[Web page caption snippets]
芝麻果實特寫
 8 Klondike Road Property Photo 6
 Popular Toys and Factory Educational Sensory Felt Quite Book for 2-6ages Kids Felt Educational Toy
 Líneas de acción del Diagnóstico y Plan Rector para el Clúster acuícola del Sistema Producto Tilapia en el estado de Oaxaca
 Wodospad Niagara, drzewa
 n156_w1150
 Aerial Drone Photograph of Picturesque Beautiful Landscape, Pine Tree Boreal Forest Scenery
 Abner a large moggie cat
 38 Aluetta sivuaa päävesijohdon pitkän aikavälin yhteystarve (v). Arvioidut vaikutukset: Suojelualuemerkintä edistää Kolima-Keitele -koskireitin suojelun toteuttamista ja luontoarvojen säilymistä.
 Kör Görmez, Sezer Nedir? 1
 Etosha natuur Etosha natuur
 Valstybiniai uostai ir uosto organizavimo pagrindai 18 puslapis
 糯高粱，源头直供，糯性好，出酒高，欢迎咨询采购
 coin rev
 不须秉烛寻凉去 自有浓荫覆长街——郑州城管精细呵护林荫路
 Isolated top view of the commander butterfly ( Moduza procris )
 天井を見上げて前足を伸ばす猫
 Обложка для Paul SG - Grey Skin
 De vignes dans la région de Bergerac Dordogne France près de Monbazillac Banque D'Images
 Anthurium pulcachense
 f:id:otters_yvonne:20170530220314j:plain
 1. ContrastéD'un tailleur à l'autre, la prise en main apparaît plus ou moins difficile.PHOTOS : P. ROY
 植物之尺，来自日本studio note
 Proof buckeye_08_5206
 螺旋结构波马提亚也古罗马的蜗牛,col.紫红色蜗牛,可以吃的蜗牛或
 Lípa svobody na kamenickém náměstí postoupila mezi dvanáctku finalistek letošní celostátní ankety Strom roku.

*What you should do:* Copy every record above exactly as it appears.

*Exercise response:*
芝麻果實特寫
 8 Klondike Road Property Photo 6
 Popular Toys and Factory Educational Sensory Felt Quite Book for 2-6ages Kids Felt Educational Toy
 Líneas de acción del Diagnóstico y Plan Rector para el Clúster acuícola del Sistema Producto Tilapia en el estado de Oaxaca
 Wodospad Niagara, drzewa
 n156_w1150
 Aerial Drone Photograph of Picturesque Beautiful Landscape, Pine Tree Boreal Forest Scenery
 Abner a large moggie cat
 38 Aluetta sivuaa päävesijohdon pitkän aikavälin yhteystarve (v). Arvioidut vaikutukset: Suojelualuemerkintä edistää Kolima-Keitele -koskireitin suojelun toteuttamista ja luontoarvojen säilymistä.
 Kör Görmez, Sezer Nedir? 1
 Etosha natuur Etosha natuur
 Valstybiniai uostai ir uosto organizavimo pagrindai 18 puslapis
 糯高粱，源头直供，糯性好，出酒高，欢迎咨询采购
 coin rev
 不须秉烛寻凉去 自有浓荫覆长街——郑州城管精细呵护林荫路
 Isolated top view of the commander butterfly ( Moduza procris )
 天井を見上げて前足を伸ばす猫
 Обложка для Paul SG - Grey Skin
 De vignes dans la région de Bergerac Dordogne France près de Monbazillac Banque D'Images
 Anthurium pulcachense
 f:id:otters_yvonne:20170530220314j:plain
 1. ContrastéD'un tailleur à l'autre, la prise en main apparaît plus ou moins difficile.PHOTOS : P. ROY
 植物之尺，来自日本studio note
 Proof buckeye_08_5206
 螺旋结构波马提亚也古罗马的蜗牛,col.紫红色蜗牛,可以吃的蜗牛或
 Lípa svobody na kamenickém náměstí postoupila mezi dvanáctku finalistek letošní celostátní ankety Strom roku.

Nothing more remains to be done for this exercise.